TASK STATEMENT:
For the word "online", find each line in the entries where it occurs and copy that line.

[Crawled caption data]
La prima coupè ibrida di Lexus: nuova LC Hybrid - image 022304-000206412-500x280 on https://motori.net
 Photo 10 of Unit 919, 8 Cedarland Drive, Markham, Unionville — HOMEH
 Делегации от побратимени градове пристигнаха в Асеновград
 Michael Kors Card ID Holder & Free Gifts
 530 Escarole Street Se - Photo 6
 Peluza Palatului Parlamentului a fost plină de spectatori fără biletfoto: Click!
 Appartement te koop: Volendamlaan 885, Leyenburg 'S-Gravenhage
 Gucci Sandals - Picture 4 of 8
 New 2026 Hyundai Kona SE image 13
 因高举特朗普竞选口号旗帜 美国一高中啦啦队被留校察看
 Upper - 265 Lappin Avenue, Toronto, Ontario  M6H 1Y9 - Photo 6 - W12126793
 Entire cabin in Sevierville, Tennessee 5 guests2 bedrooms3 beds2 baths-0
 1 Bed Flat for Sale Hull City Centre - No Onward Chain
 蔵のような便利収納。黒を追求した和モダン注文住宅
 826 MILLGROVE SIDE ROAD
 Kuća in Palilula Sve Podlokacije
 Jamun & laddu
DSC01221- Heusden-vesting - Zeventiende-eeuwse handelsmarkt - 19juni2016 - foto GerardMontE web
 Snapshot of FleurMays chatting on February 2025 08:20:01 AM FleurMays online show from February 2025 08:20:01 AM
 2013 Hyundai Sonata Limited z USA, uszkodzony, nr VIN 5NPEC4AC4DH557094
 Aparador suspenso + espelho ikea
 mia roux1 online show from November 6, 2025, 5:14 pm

RESULT FOR THIS EXERCISE:
 Snapshot of FleurMays chatting on February 2025 08:20:01 AM FleurMays online show from February 2025 08:20:01 AM
 mia roux1 online show from November 6, 2025, 5:14 pm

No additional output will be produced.